Exercise materials.
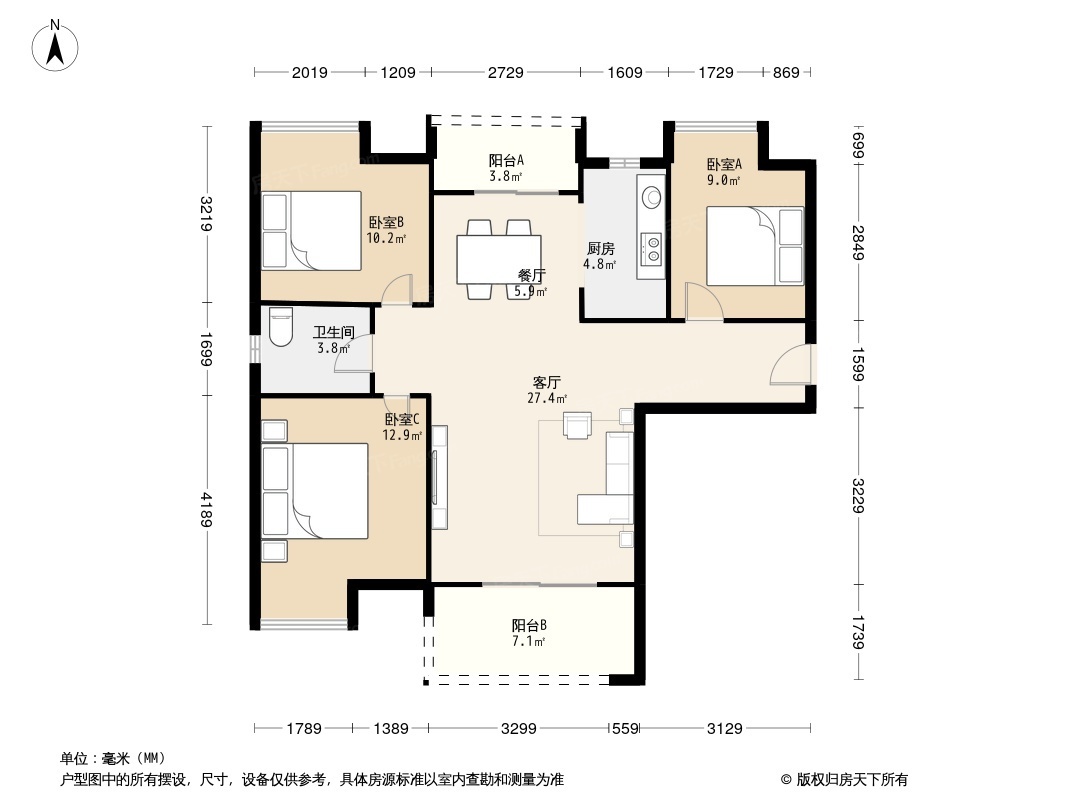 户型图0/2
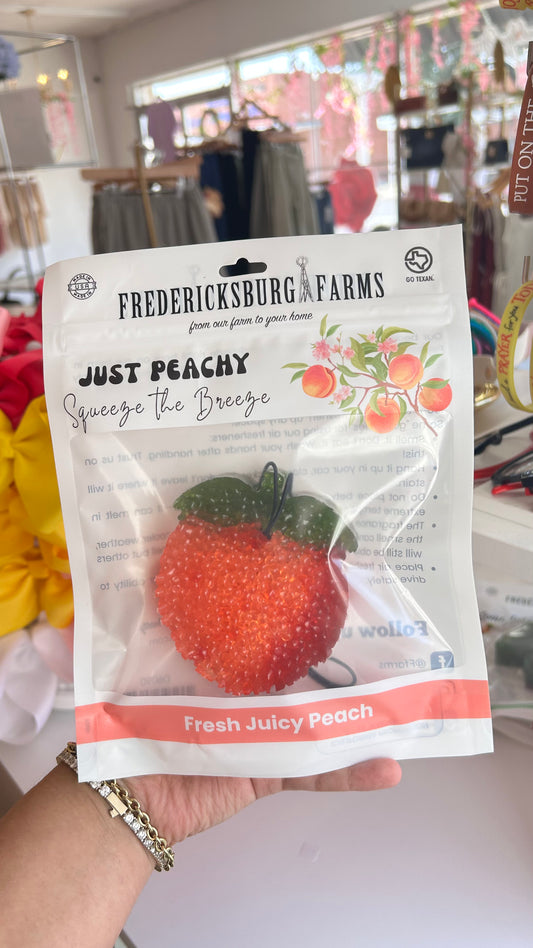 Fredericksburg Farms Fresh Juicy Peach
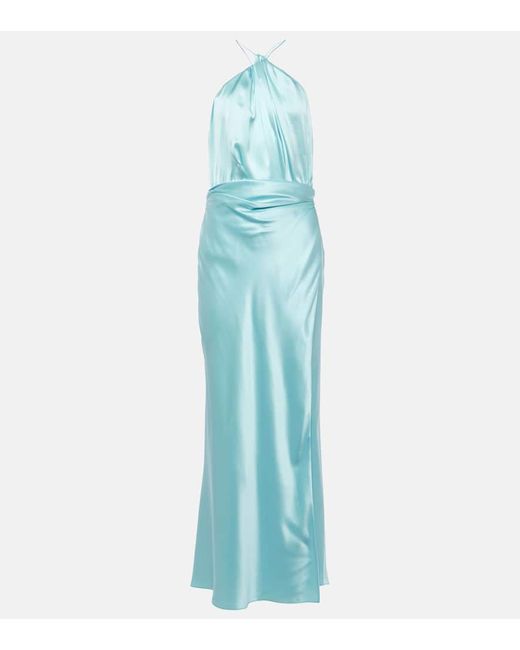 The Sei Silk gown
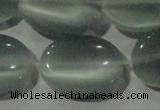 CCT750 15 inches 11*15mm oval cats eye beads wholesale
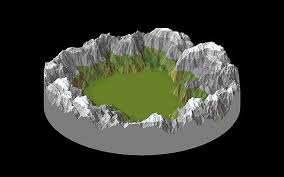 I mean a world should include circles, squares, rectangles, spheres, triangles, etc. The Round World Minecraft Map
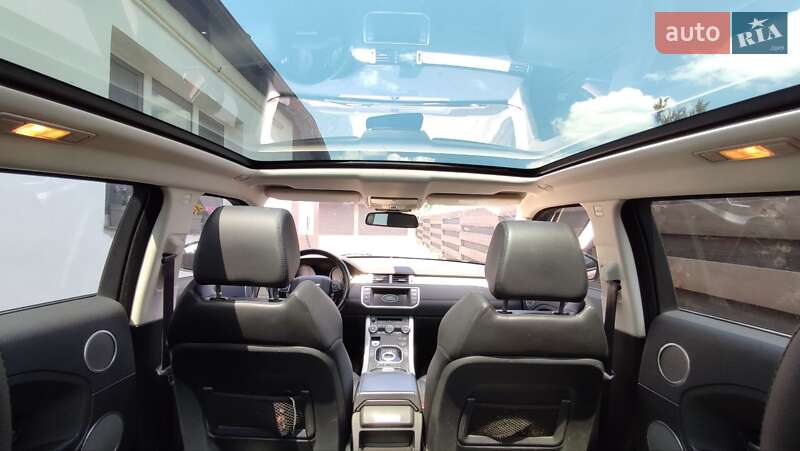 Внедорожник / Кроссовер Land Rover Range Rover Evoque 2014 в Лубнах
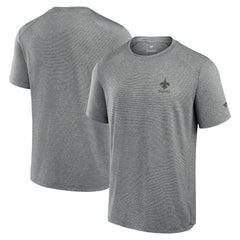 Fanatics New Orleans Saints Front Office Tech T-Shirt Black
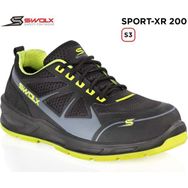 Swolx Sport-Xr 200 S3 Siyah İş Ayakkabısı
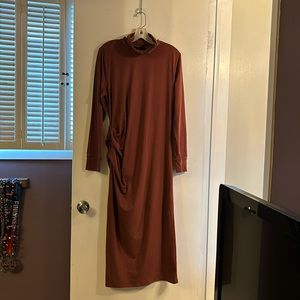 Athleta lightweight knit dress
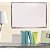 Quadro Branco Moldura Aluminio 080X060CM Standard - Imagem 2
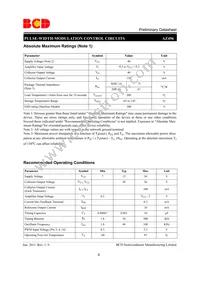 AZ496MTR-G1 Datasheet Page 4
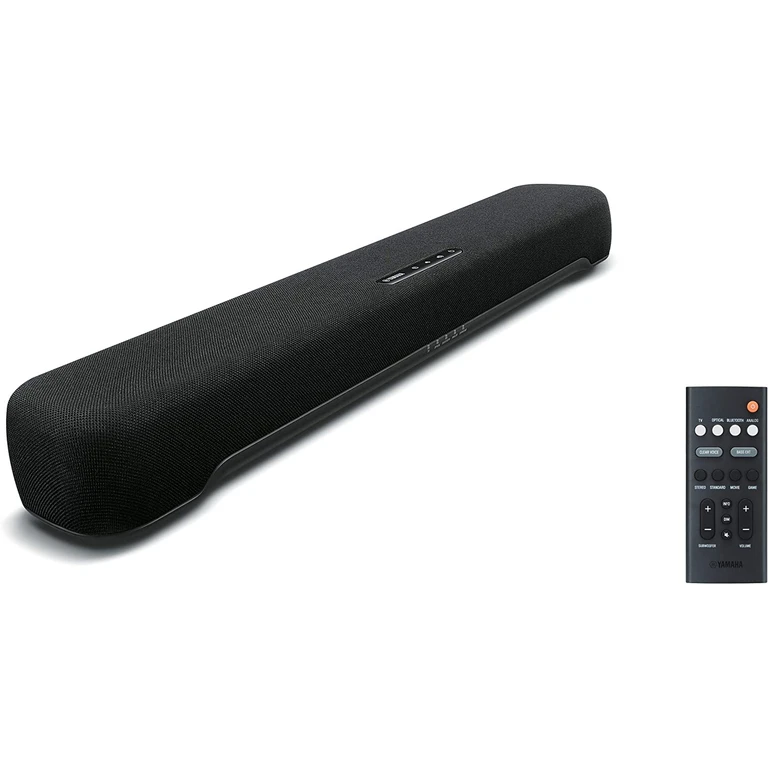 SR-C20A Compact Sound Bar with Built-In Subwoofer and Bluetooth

What you will do. Your answer should hold only the lines from the one with "CCT750 15 inches" through the final line of the listing above, transcribed exactly and without pictures.

Answer space.
 CCT750 15 inches 11*15mm oval cats eye beads wholesale
 I mean a world should include circles, squares, rectangles, spheres, triangles, etc. The Round World Minecraft Map
 Внедорожник / Кроссовер Land Rover Range Rover Evoque 2014 в Лубнах
 Fanatics New Orleans Saints Front Office Tech T-Shirt Black
 Swolx Sport-Xr 200 S3 Siyah İş Ayakkabısı
 Athleta lightweight knit dress
 Quadro Branco Moldura Aluminio 080X060CM Standard - Imagem 2
 AZ496MTR-G1 Datasheet Page 4
 SR-C20A Compact Sound Bar with Built-In Subwoofer and Bluetooth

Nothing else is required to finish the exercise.